#### DATA PROVIDED
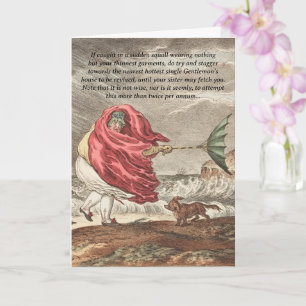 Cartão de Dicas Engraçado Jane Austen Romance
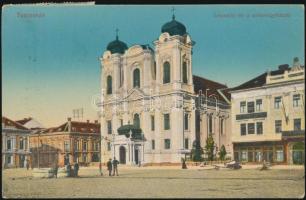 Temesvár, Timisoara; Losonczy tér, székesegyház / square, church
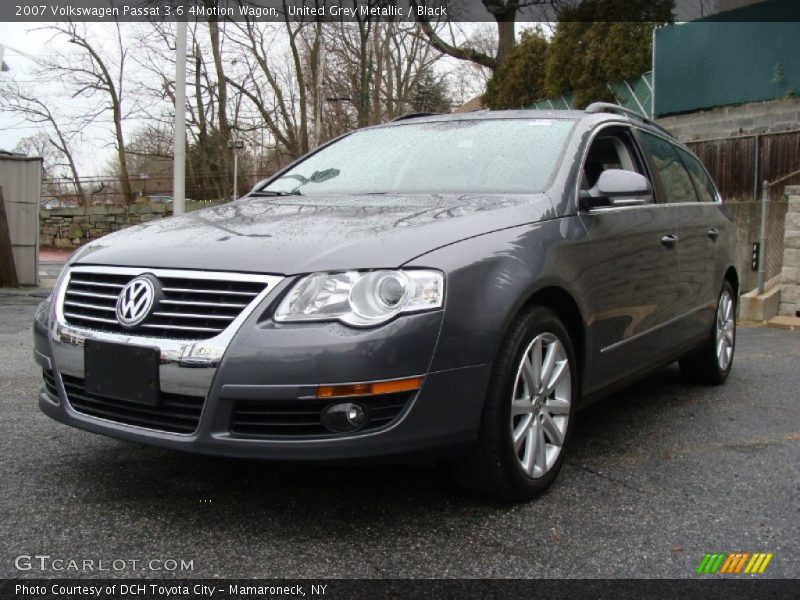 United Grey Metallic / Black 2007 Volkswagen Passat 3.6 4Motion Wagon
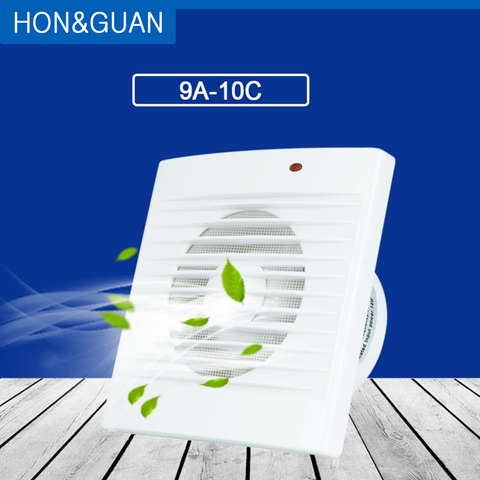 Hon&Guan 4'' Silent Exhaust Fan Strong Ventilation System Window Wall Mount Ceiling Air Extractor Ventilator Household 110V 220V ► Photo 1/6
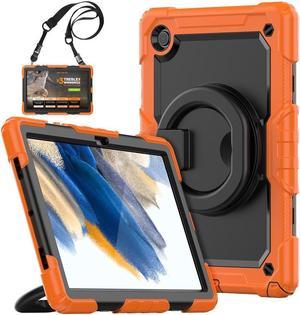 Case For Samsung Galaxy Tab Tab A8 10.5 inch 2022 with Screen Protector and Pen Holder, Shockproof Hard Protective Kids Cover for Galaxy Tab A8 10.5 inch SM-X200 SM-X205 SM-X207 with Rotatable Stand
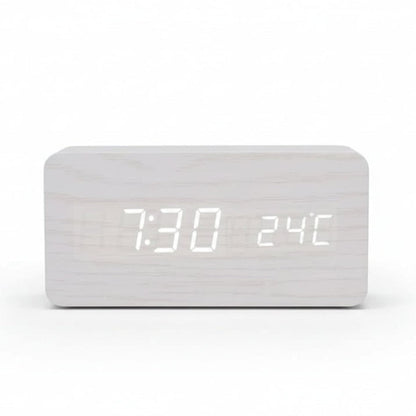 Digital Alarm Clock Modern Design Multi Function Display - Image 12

* * *

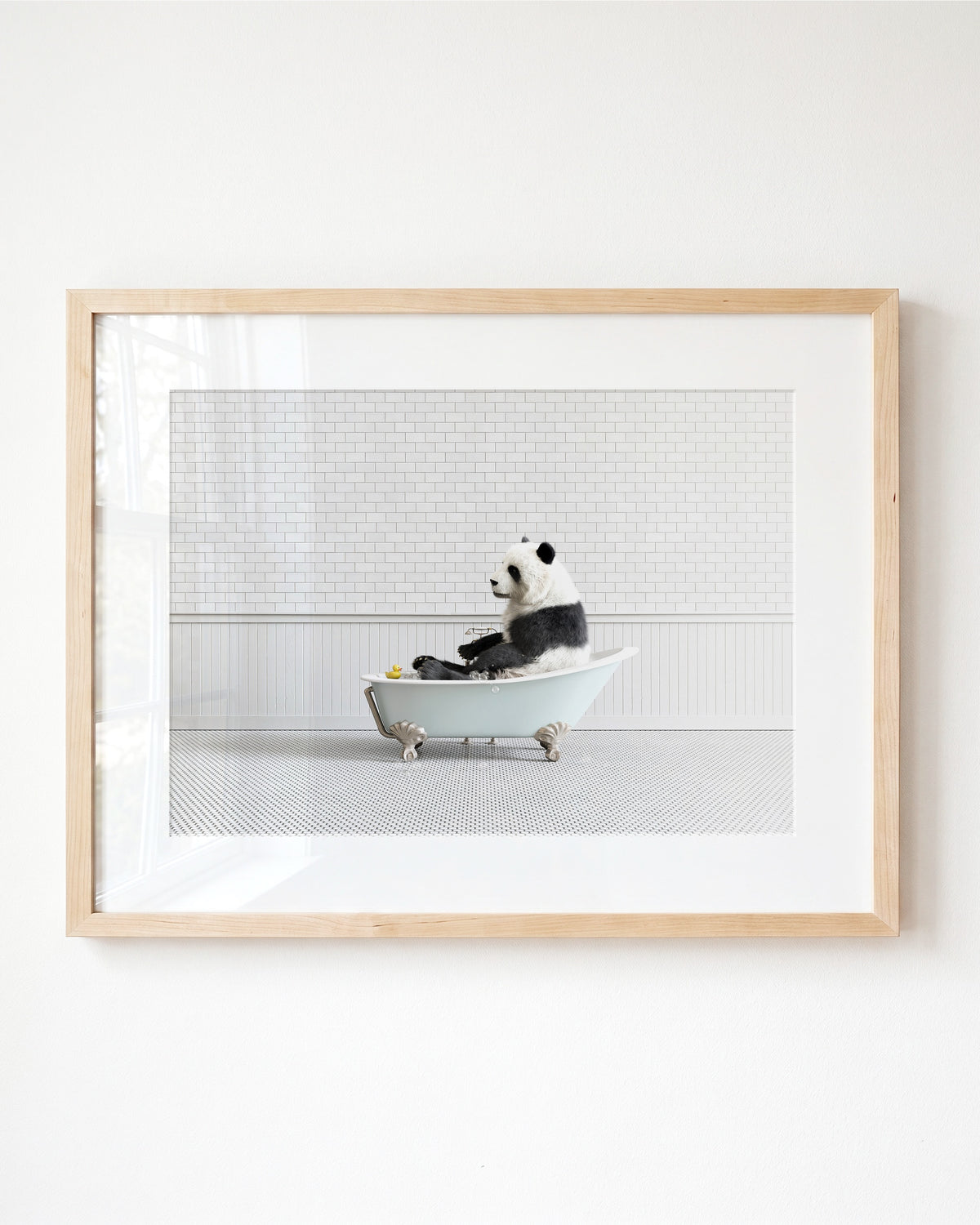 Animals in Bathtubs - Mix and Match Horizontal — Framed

#### TASK INSTRUCTIONS
The lines to reproduce run from the one above containing "United Grey Metallic" through the one containing "Digital Alarm Clock". Copy them exactly and leave out all pictures.

#### EXPECTED ANSWER
 United Grey Metallic / Black 2007 Volkswagen Passat 3.6 4Motion Wagon
 Hon&Guan 4'' Silent Exhaust Fan Strong Ventilation System Window Wall Mount Ceiling Air Extractor Ventilator Household 110V 220V ► Photo 1/6
 Case For Samsung Galaxy Tab Tab A8 10.5 inch 2022 with Screen Protector and Pen Holder, Shockproof Hard Protective Kids Cover for Galaxy Tab A8 10.5 inch SM-X200 SM-X205 SM-X207 with Rotatable Stand
 Digital Alarm Clock Modern Design Multi Function Display - Image 12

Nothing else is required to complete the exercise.